Choose a tag to compare

@hadley hadley released this 19 Jan 15:40

Nested data frames

nest() and unnest() have been overhauled to support a useful way of structuring data frames: the nested data frame. In a grouped data frame, you have one row per observation, and additional metadata define the groups. In a nested data frame, you have one row per group, and the individual observations are stored in a column that is a list of data frames. This is a useful structure when you have lists of other objects (like models) with one element per group.

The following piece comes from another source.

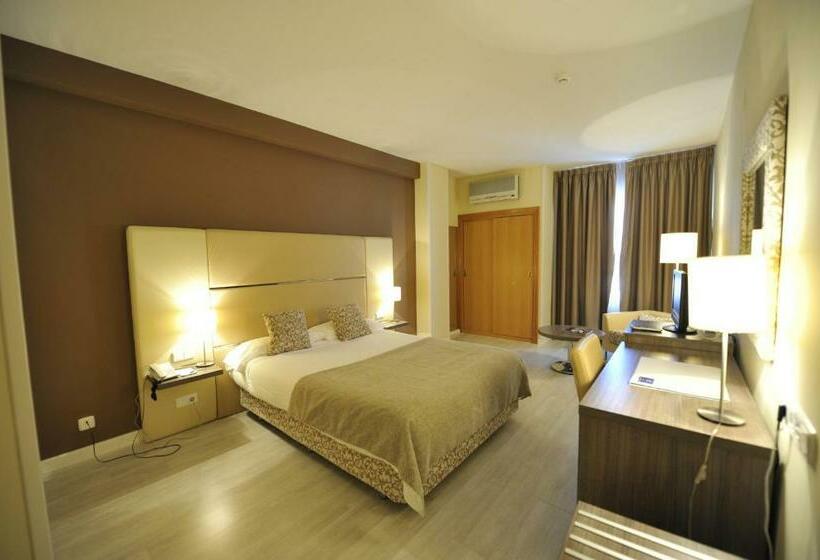 اتاق استاندارد, Puerta De Segovia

  • nest() now produces a single list of data frames called "data" rather
    than a list column for each variable. Nesting variables are not included
    in nested data frames. It also works with grouped data frames made
    by dplyr::group_by(). You can override the default column name with .key.
  • unnest() gains a .drop argument which controls what happens to
    other list columns. By default, they're kept if the output doesn't require
    row duplication; otherwise they're dropped.
  • unnest() now has mutate() semantics for ... - this allows you to
    unnest transformed columns more easily. (Previously it used select semantics).

Expanding

  • expand() once again allows you to evaluate arbitrary expressions like
    full_seq(year). If you were previously using c() to created nested
    combinations, you'll now need to use nesting() (#85, #121).
  • nesting() and crossing() allow you to create nested and crossed data
    frames from individual vectors. crossing() is similar to
    base::expand.grid()
  • full_seq(x, period) creates the full sequence of values from min(x) to
    max(x) every period values.

Minor bug fixes and improvements

  • fill() fills in NULLs in list-columns.
  • fill() gains a direction argument so that it can fill either upwards or
    downwards (#114).
  • gather() now stores the key column as character, by default. To revert to
    the previous behaviour of using a factor (which allows you to preserve the
    ordering of the columns), use key_factor = TRUE (#96).
  • All tidyr verbs do the right thing for grouped data frames created by
    group_by() (#122, #129, #81).
  • seq_range() has been removed. It was never used or announced.
  • spread() once again creates columns of mixed type when convert = TRUE
    (#118, @jennybc). spread() with drop = FALSE handles zero-length
    factors (#56). spread()ing a data frame with only key and value columns
    creates a one row output (#41).
  • unite() now removes old columns before adding new (#89, @krlmlr).
  • separate() now warns if defunct ... argument is used (#151, @krlmlr).